Research paper by Richard E. Crowell, Dennis E. Van Epps

Indexed on: 01 Apr '90Published on: 01 Apr '90Published in: Inflammation



Abstract

Nonsteroidal antiinflammatory drugs (NSAIDs) inhibit PMN aggregation, chemotaxis, degranulation, and superoxide anion production stimulated by synthetic formyl peptides. Many of these functions are dependent upon receptors for the complement components C3b and iC3b (CD35 and CD11b, respectively), or the adherence molecules CD11b and CD11c. Using flow cytometry and specific monoclonal antibodies, we studied the effects of the NSAID piroxicam and indomethacin on the upregulation of these cell surface proteins on PMNs stimulated with FMLP, C5a, or ionomycin. Incubation of PMNs at 37 °C increased the expression of all three of these surface proteins. A further increase was induced by stimulation with FMLP, C5a, or ionomycin. Both piroxicam and indomethacin inhibited FMLP-induced upregulation of CD11b, CD1 le, and CD35, but neither drug affected the upregulation of these surface molecules induced by C5a or ionomycin. Furthermore, piroxicam had no effect on 37°C-induced upregulation of any of the surface proteins, while indomethacin showed no effect on 37°C-induced CD11b upregulation but suppressed CD11c and CD35 upregulation.
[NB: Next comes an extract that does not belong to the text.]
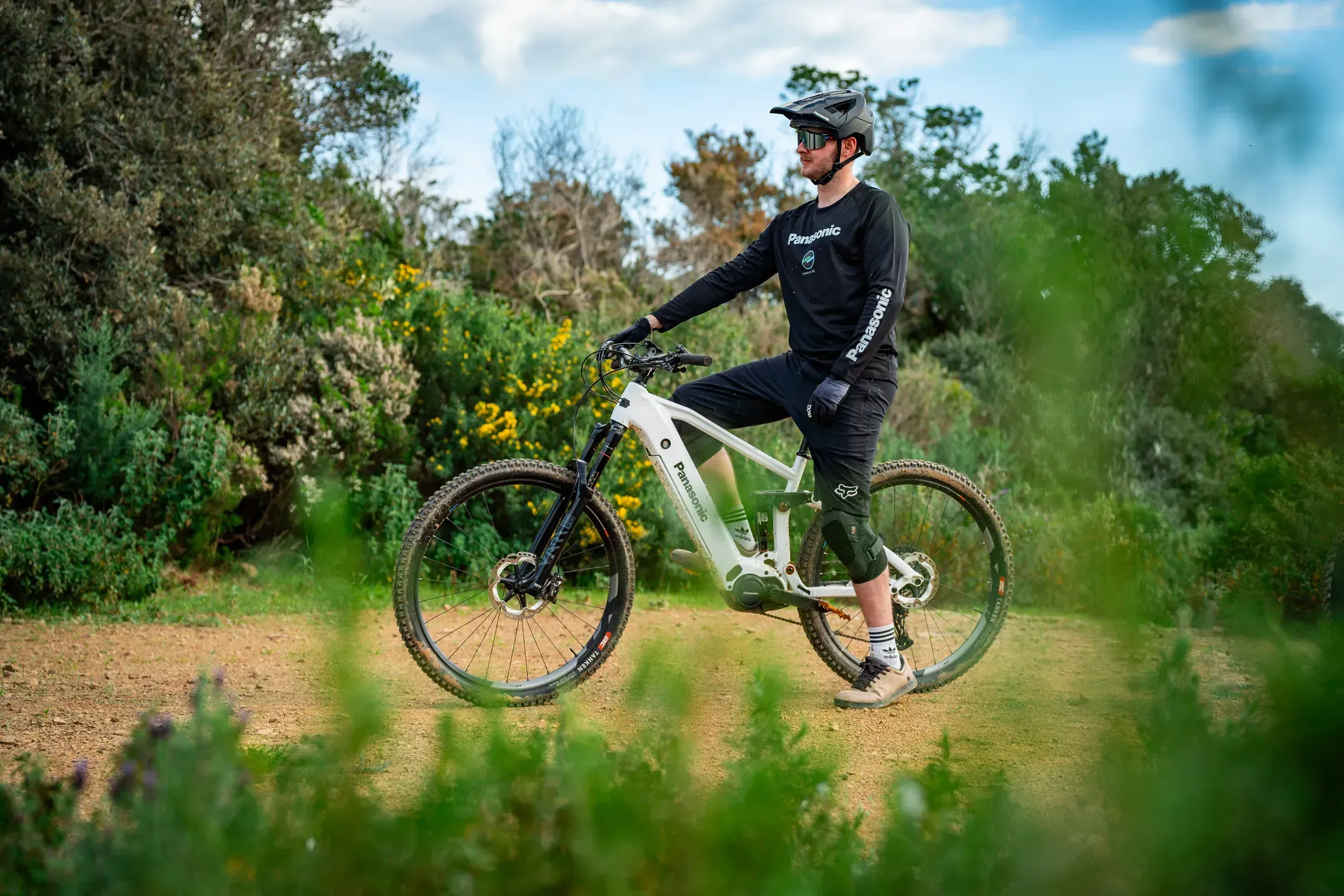 Mountainbiker im Panasonic Trikot steht mit weißem E-Mountainbike auf einem Schotterweg zwischen Büschen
Inhibition of surface protein upregulation by FMLP was not due to inhibition of FMLP binding to PMNs. We conclude that piroxicam and indomethacin inhibit FMLP receptor-mediated upregulation of CD 11b, CD11c, and CD35 in PMNs, but have no effect on the upregulation of these molecules by ionomycin or C5a. These data suggest that piroxicam and indomethacin interfere with postreceptor signaling events specific to PMN stimulation by FMLP.